Notes on Dockers and Kubernetes
It uses cgroups (control groups) to limit resources access per process.
It uses Namespacing (Isolating resources per process)
Container represents application which includes one or many services.
Docker Swarms and Kubernetes can be compared. However Kubernetes is more sophisticated, provides in-built tools for logging and monitoring. Does auto-scaling!!!, needs manual load balancing configuration (docker swam does auto load-balancing), does better rolling updates. Docker swam uses 3rd party tools like ELK for monitoring where k8s has better in-built tools.
docker does not run init, cron, syslog processes. You may want to use phusion/baseimage or phusion/passenger-docker if you want to avoid too many zombie processes.
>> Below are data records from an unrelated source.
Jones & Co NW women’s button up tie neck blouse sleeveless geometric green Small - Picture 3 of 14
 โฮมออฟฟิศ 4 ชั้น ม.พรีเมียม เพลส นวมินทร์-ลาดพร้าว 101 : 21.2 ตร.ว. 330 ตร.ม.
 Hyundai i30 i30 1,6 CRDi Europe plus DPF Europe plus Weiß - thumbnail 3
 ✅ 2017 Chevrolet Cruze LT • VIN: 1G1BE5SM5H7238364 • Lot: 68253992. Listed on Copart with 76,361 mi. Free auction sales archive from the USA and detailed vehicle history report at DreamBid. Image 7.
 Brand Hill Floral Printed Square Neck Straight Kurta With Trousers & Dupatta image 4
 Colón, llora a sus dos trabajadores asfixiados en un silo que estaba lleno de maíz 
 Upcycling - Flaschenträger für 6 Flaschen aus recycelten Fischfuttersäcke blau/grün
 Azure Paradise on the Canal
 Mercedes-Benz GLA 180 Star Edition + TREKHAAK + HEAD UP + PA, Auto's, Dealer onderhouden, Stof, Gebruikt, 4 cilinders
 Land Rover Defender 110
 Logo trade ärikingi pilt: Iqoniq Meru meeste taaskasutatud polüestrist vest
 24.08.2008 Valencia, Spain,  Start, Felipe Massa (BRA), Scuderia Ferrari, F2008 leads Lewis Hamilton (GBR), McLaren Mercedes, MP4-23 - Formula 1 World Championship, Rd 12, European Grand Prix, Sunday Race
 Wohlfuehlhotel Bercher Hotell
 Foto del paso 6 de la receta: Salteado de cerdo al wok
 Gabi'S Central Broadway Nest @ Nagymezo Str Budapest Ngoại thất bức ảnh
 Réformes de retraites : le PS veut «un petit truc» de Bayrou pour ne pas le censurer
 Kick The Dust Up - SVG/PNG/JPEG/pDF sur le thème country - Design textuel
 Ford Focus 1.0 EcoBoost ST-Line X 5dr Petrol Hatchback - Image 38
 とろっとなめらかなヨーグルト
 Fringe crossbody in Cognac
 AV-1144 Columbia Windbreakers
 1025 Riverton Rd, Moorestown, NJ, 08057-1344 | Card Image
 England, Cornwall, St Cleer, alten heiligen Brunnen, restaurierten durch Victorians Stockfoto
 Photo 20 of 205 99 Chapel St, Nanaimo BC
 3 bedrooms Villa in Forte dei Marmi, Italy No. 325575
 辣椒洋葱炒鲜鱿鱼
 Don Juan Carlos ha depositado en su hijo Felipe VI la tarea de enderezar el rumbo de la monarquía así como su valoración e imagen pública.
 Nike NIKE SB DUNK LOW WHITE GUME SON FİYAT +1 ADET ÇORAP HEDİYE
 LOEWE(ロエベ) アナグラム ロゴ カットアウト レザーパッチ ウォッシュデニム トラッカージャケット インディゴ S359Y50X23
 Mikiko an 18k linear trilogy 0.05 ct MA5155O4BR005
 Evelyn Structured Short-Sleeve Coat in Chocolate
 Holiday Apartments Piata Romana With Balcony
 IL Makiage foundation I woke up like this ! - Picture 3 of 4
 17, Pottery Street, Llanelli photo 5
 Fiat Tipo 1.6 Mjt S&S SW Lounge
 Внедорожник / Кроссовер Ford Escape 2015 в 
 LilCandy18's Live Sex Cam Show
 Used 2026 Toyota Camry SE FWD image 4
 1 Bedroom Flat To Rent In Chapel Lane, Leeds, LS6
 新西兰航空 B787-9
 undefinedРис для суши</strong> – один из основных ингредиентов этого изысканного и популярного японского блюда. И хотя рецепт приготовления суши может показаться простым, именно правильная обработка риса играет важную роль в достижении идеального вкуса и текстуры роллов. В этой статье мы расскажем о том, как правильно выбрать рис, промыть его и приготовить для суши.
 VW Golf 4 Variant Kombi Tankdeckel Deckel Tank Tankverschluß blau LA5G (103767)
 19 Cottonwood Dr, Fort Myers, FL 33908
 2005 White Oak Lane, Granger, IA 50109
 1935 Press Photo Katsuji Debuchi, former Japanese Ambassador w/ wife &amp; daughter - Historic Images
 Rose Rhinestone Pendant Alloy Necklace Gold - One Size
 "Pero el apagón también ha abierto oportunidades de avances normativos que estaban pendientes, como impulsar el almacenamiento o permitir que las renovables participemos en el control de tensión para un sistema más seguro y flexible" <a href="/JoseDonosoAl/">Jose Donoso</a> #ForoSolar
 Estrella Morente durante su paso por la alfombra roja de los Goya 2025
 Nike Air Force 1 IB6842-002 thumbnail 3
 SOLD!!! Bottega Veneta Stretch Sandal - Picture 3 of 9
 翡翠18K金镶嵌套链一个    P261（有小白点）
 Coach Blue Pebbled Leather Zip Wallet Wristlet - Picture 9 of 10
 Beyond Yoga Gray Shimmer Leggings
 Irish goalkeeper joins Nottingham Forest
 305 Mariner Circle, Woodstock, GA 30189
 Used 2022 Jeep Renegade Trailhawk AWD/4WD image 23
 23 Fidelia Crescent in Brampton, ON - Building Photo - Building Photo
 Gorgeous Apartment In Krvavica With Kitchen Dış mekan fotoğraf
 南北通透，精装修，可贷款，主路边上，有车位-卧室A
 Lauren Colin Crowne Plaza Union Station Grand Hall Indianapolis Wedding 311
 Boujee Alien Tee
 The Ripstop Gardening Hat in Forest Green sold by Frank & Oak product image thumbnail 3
If you want to run multiple processes in background, you can use phusion images or use supervisord process.
Example Dockerfile :
# syntax=docker/dockerfile:1
FROM node:12-alpine
RUN apk add --no-cache python2 g++ make
WORKDIR /app
COPY . .
RUN yarn install --production
CMD ["node", "src/index.js"]
Build and run docker image:
docker build -t getting-started . # Tag the image.
docker run -dp 3000:3000 getting-started <my_optional_cmd>
You can have multiple RUN commands to be executed within the image. You can have atmost only one CMD which is default command. You can override this during invocation.
docker-compose is useful:
- To bringup an application which depends on multiple containers in specific order
- Create proper networking artifacts among them. Easy to specify port forwarding settings.
- Each container in docker-compose.yaml file is called a service.
The service name can be used as hostname from other containers.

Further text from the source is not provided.